I was under the impression that everyone is forced to move to GitLab (https://www.mediawiki.org/wiki/GitLab/Roadmap) :-( Am I wrong?

I think in the long run, it would be best to have something like https://radicle.xyz/ and let the protocol figure where to fetch from.

I was under the impression that everyone is forced to move to GitLab (https://www.mediawiki.org/wiki/GitLab/Roadmap)

No longer. However, using GitLab is still an option, and if the projects are currently on GitHub, moving to GitLab is a smaller change, which may be better. (On the other hand, since Wikibase itself is on Gerrit, moving to Gerrit could allow WMDE developers to maintain fewer mental models.)

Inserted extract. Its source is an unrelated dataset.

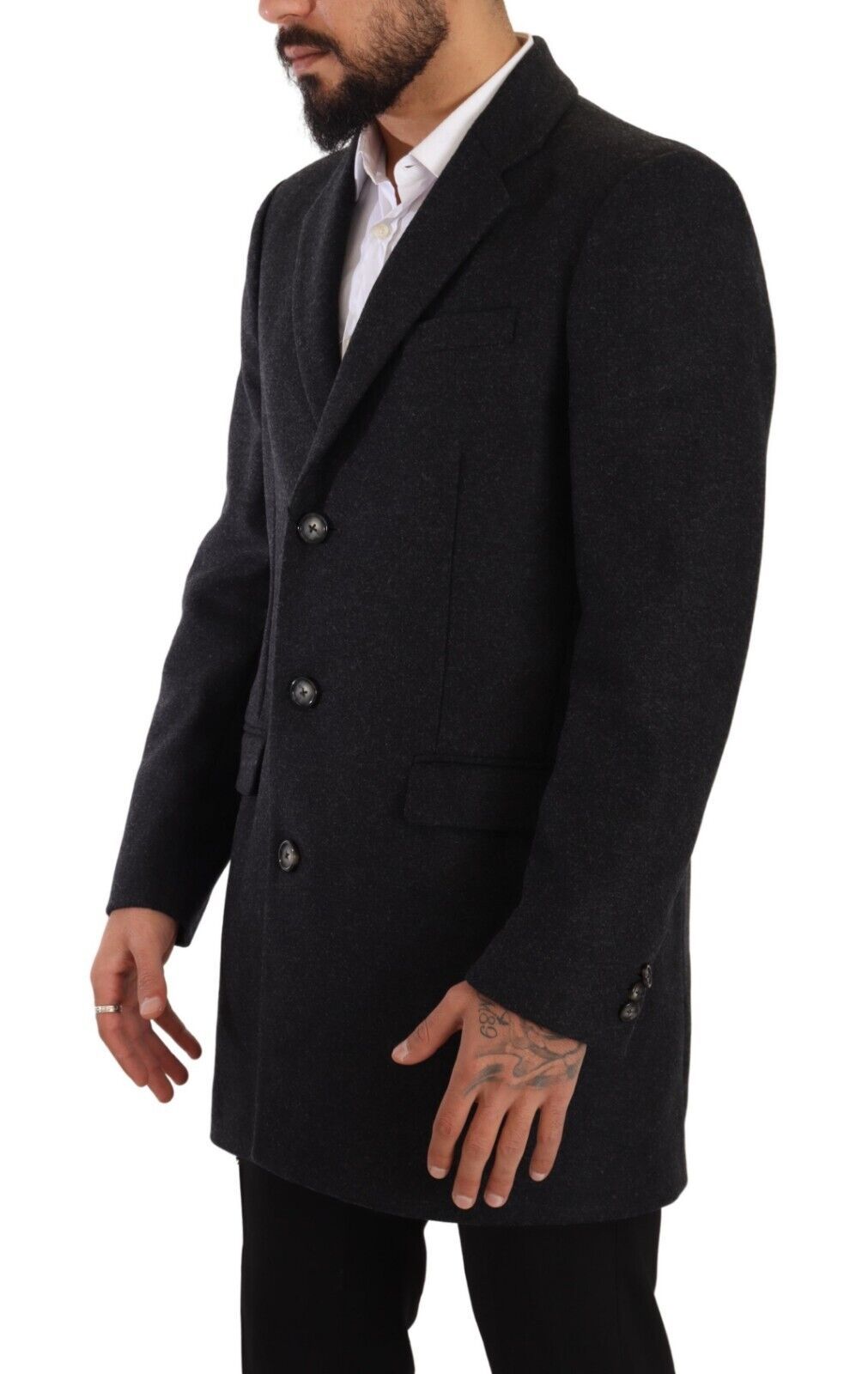 Dolce &amp; Gabbana élégant manteau en laine gris foncé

This is sounds like swarm-intelligence;-) Gerrit seems to be somehow rate limited as well. At least when we were trying to use the github runner to build mw images using gerrit instead of the github mirror builds were unstable and failed from time to time. Now, as the transition to PHP8 is complete, we might no longer need to build custom images anyhow, so this is not a strong argument.

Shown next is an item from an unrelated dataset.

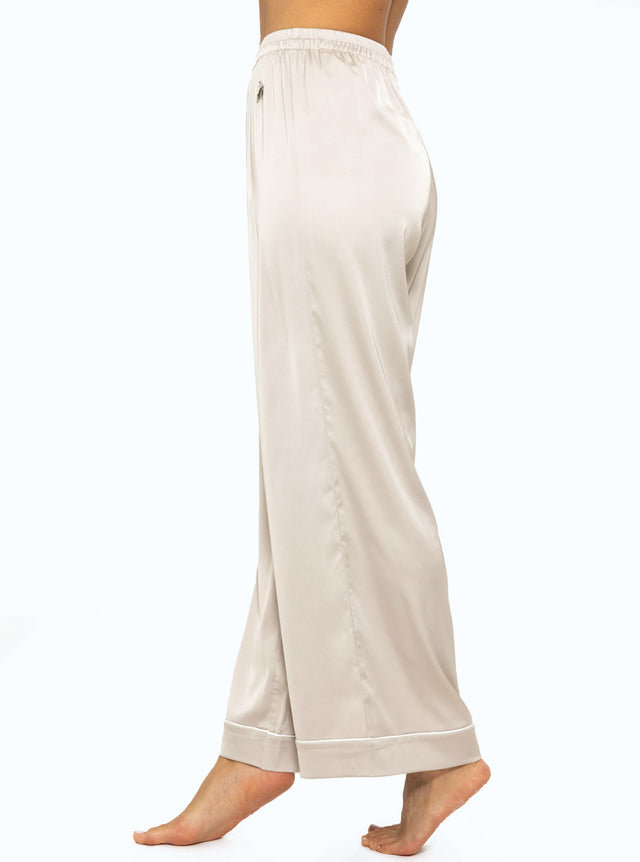 Satin trousers with piping - champagne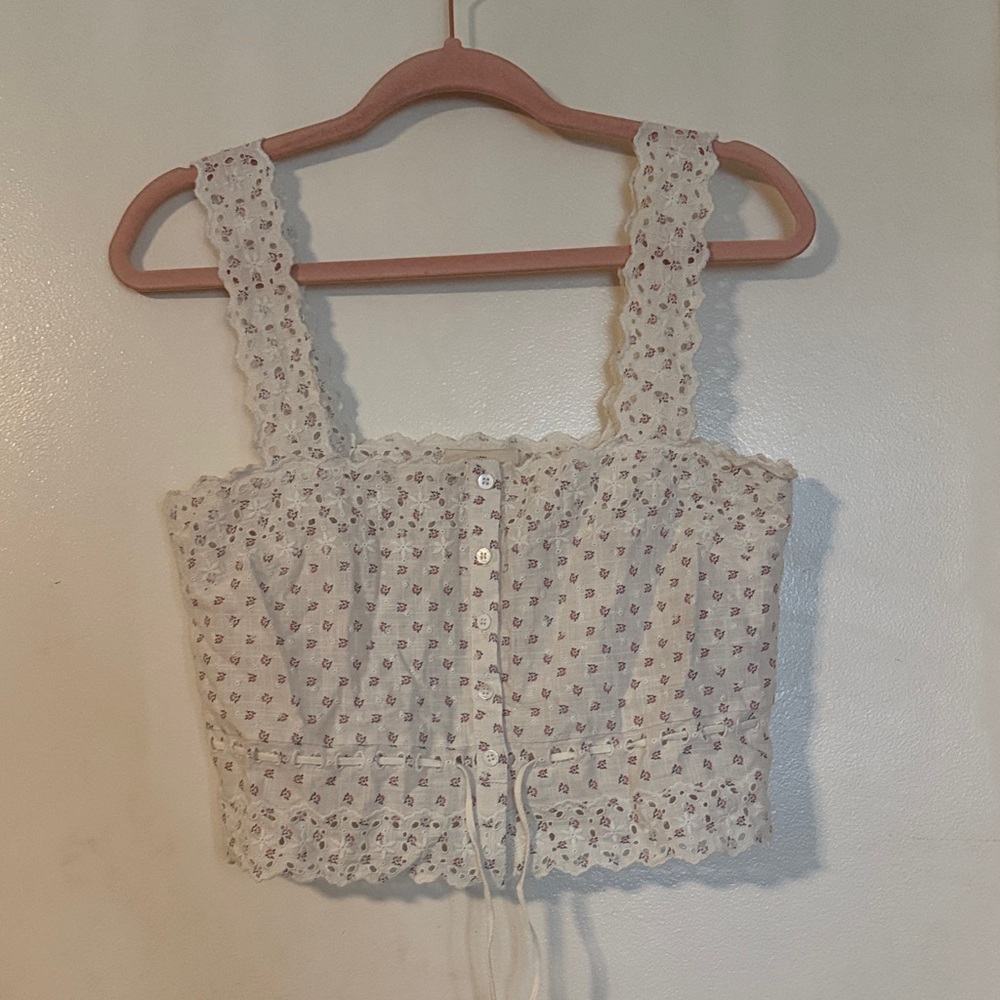 Sezane White Floral Crop Top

PS: https://github.com/wmde/wikibase-release-pipeline is neither gerrit nor gitlab so one needs to use github anyhow.

@Physikerwelt @Tacsipacsi note that the option I am looking at understanding here at WMDE is about "consolidating" those github repositories into main Wikibase repository, as, among other things, those "libraries" do not have any other use outside of Wikibase AFAICT. Therefore different "code hosting" (WMF Gitlab, github, etc) options discussion is not really relevant for the time being

Makes sense. However, the task description doesn’t reflect this, so please make sure to update it at the end of your exploration (or earlier if you have spare time for it).

@Physikerwelt @Tacsipacsi note that the option I am looking at understanding here at WMDE is about "consolidating" those github repositories into main Wikibase repository, as, among other things, those "libraries" do not have any other use outside of Wikibase AFAICT. Therefore different "code hosting" (WMF Gitlab, github, etc) options discussion is not really relevant for the time being

git subtree would probably be an easy option for that. If that's desirable, happy to help run the commands to capture all history from those and merge with Wikibase, what do you think?

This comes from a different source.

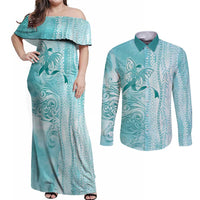 PTSD Awareness Couples Matching Off Shoulder Maxi Dress and Long Sleeve Button Shirt Maile Pikake Lokelani Crown Flower Lei Inspired LT9 Teal - Polynesian Pride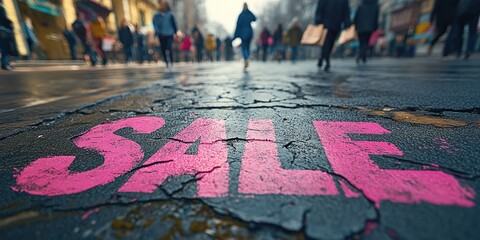 A close-up of a pink Sale inscription on the asphalt against a background of blurred people with colorful bags. The concept of discounts and sales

Reedy triaged this task as High priority.Nov 7 2025, 4:44 PM

Makes sense. However, the task description doesn’t reflect this, so please make sure to update it at the end of your exploration (or earlier if you have spare time for it).

Maybe a subtasks can help? Something like

  • Agree on a timeline and make contributors aware
  • run git subtweet
  • fix side effects

I currently can’t recommend any decentralised way to resolve the related problems of speed bumps when fetching sub repos.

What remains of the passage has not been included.